◆ **Task**
Without reproducing any image, print the listing below exactly.

◆ **Given material**
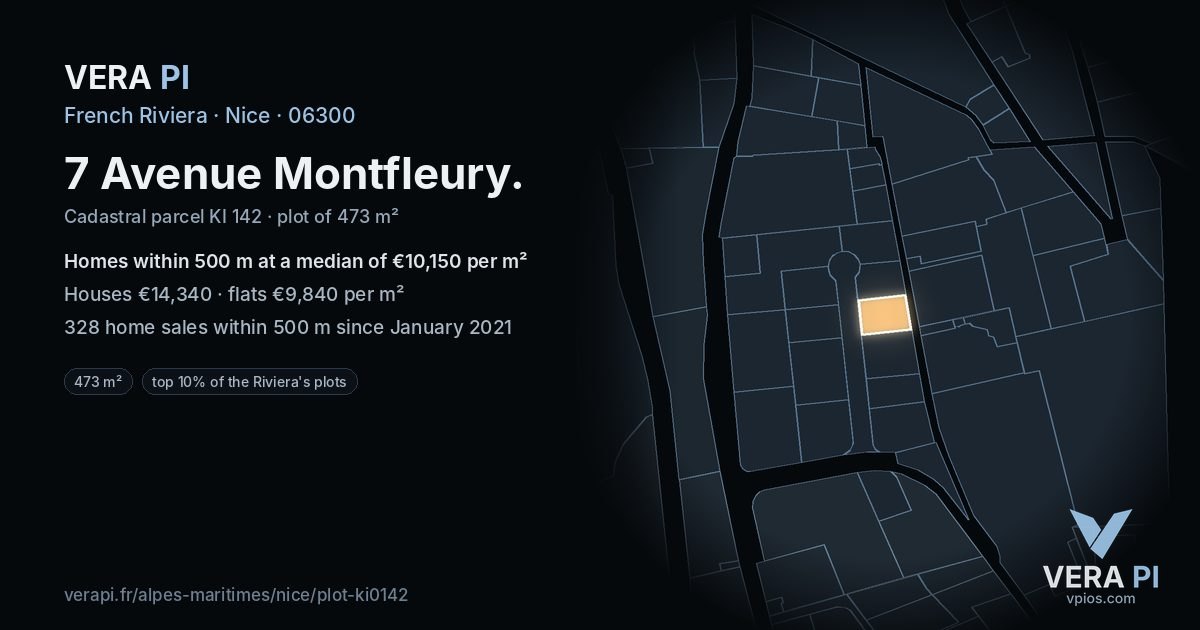 7 Avenue Montfleury, Nice at night – the plot lit, the parcels around coloured by the prices near them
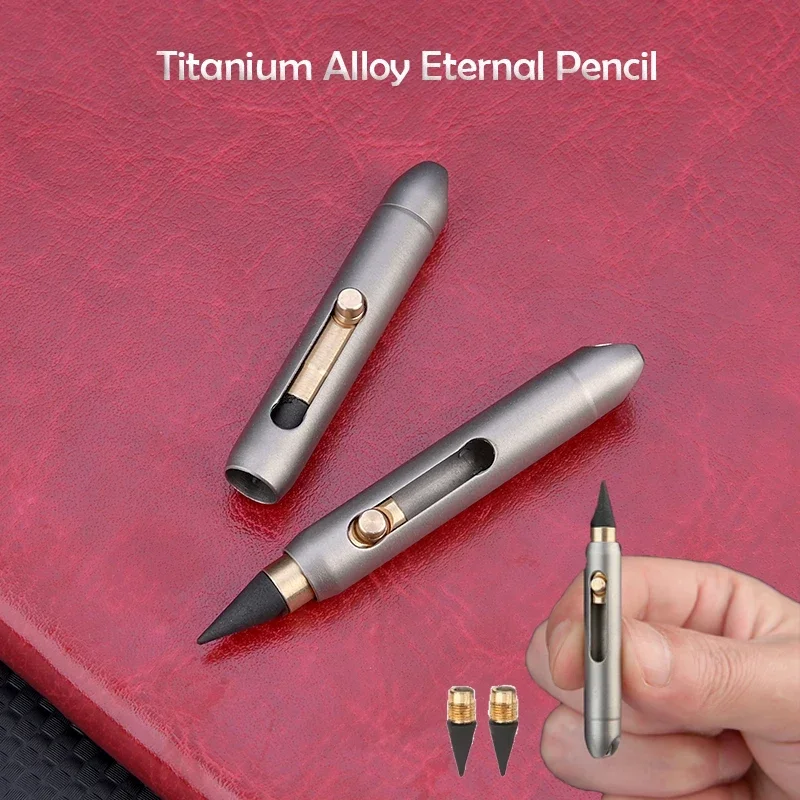 MINI lápiz eterno de aleación de titanio, no necesita afeitado, lápiz borrable, colgante de llave portátil, bolígrafo de bolsillo, escritura de emergencia, 2 puntas de bolígrafo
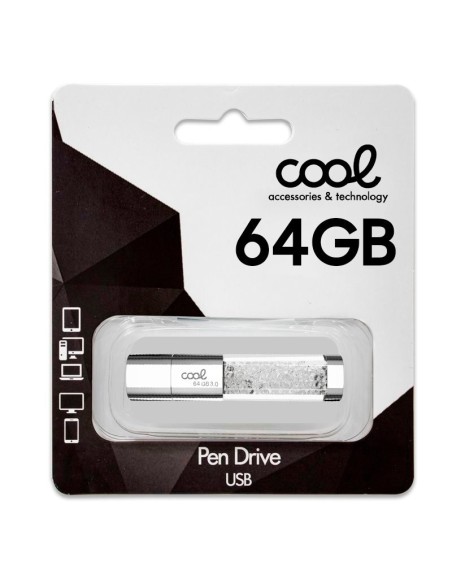 Pen Drive llavero USB 3.0 64 GB Cool Crystal blanco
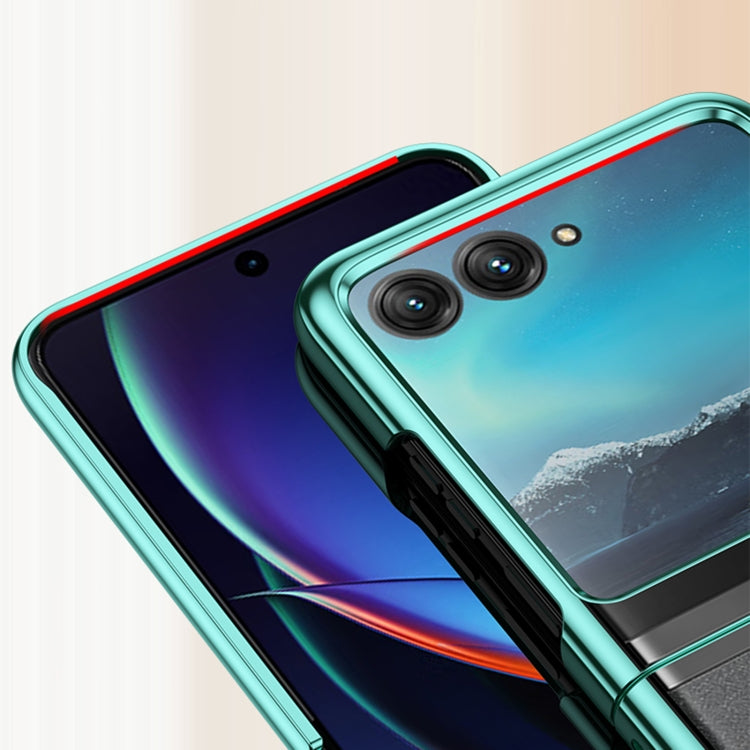 For Motorola Razr 50 Full Coverage Electroplate PC Transparent Phone Case(Purple) by buy2fix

◆ **Task solution**
 7 Avenue Montfleury, Nice at night – the plot lit, the parcels around coloured by the prices near them
 MINI lápiz eterno de aleación de titanio, no necesita afeitado, lápiz borrable, colgante de llave portátil, bolígrafo de bolsillo, escritura de emergencia, 2 puntas de bolígrafo
 Pen Drive llavero USB 3.0 64 GB Cool Crystal blanco
 For Motorola Razr 50 Full Coverage Electroplate PC Transparent Phone Case(Purple) by buy2fix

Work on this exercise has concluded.